Holding a thermometer upside down: Why no effect on the mercury?

I have a question about thermometers (the kind you use to determine room temperature). Why is it that if you hold it upside down, the mercury isn’t affected by gravity? What keeps the mercury in place?

That is a good question and I do not know the factual answer to this, however I do have a guess - the cohesive forces inside the mercury are stronger than gravity and the capilary action of the part of the tube with the mercury already in it keeps it there .

At first I considered that there’s some gas (like air) in the tube, but then I realized that this would make the thermometer non-linear due to gas compression and you’d have to compensate by either having non-linear scale or a varying the thickness of the tube - sounds like it’s too complicated for something that simple.

I do not know but I’ll take a WAG at this.

My guess is the answer is surface tension. From what I have seen mercury has a higher surface tension than water (e.g. makes a bigger blob without spreading out then the same amount of water does).

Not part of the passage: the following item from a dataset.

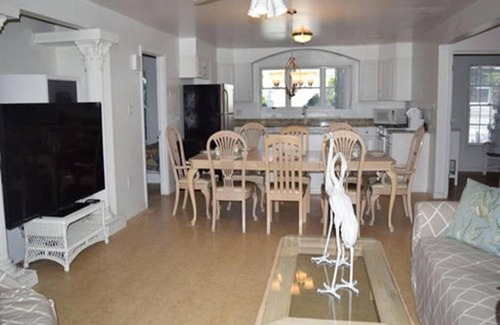 Townsend's Inlet House | 7922 Central Avenue 1st Floor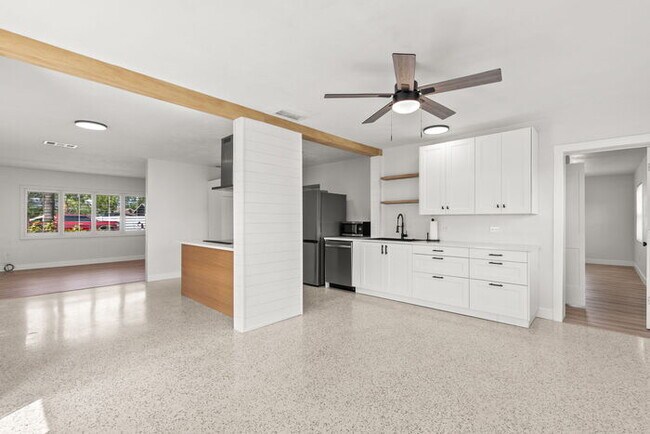 Photo - NEWLY RENOVATED Home For Rent in St Pete!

The hollow tube in the thermometer has a very small diameter. I am thinking that the surface tension combined with the very small opening from the reservoir at the bottom makes it such that gravity isn’t strong enough to pull it down the tube.

This is exactly right.

Not so much. Alcohol is used in place of mercury in most consumer-grade thermometers, yet alcohol has a much lower surface tension than water. Special-effects people make use of that fact when filming scaled-down flood scenes–the lower surface tension of alcohol makes smaller drops, making the illusion of greater size more compelling.

Now you lost me.

Why is groman right and I am wrong? Seemed to me we said the same thing albeit he said it better and got the post in sooner.

Because surface tension is not the governing factor here. Instead, it’s the attractive intermolecular forces between the liquid and the glass wall of the thermometer tube–what groman refers to, correctly, as capillary action. Unless I’m misreading groman’s post, you two seem to be talkking about different things.